Common Problems When Restoring Followers From an Archive
Follower accounts no longer exist
Some accounts in your followers.csv may be deleted or suspended. If the profile page shows a 404 error or a suspended notice, you cannot restore that follower. Remove those URLs from your list to avoid wasted effort.
Follower accounts are on a defederated instance
If your new instance blocks the follower’s instance, you cannot send them a message. Check your instance’s domain blocks under Preferences > Administration > Domain blocks if you are an admin. If you are not an admin, ask your instance admin to allow the domain temporarily.
Follower has privacy settings that block DMs
Some users disable direct messages from people they do not follow. In that case, your private mention may not reach them. Post a public announcement instead and tag the user with a public mention. They may see the mention in their notifications.
The CSV file contains duplicate entries
Mastodon may record the same follower multiple times if they unfollowed and refollowed you. Remove duplicate rows in your spreadsheet before you start reaching out. Use the Remove duplicates feature in Excel or Google Sheets based on the account URL column.
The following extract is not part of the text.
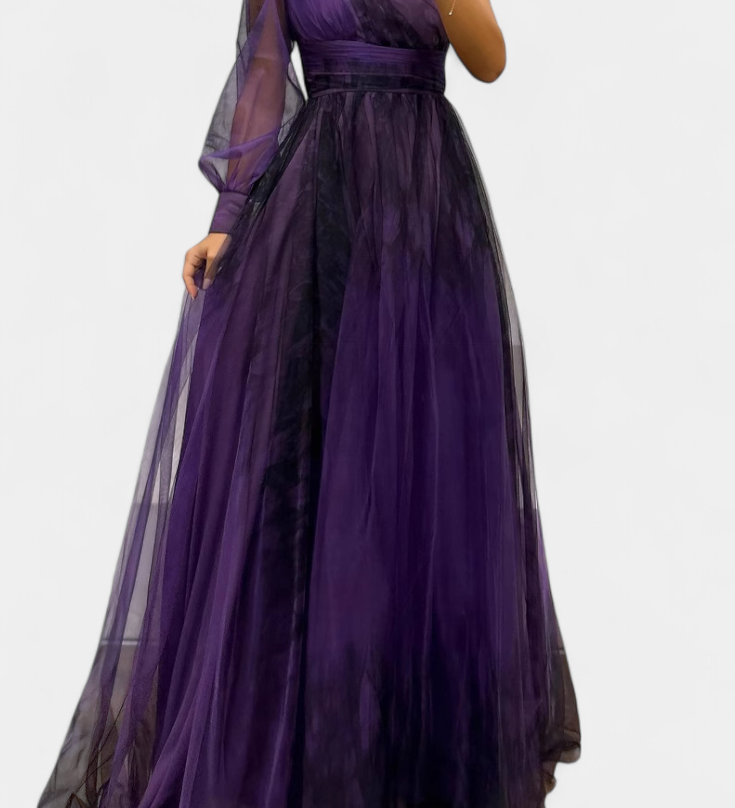 Natalia Off-Shoulder Chiffon Rose Maxi Dress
Mastodon Archive Import Capabilities vs Account Migration
| Item | Data Archive Import | Account Migration |
|---|---|---|
| Restores followers | No | Yes, automatically |
| Restores who you follow | Yes, via CSV import | No, you must re-follow manually |
| Restores posts | No, archive is read-only | No, posts stay on old account |
| Requires old account access | No, only the archive file | Yes, must log into old account |
| Works across instances | Yes, CSV is portable | Yes, migration works between instances |
| Time to complete | Days or weeks (manual) | Instant for followers |
Mastodon’s data archive is a read-only snapshot of your account activity. It is useful for backup and record-keeping but not for restoring social graph connections. Account migration is the only automated method to move followers. If you have access to your old account, use migration instead of manual restoration. If you do not have access, the CSV-based manual approach is your only option.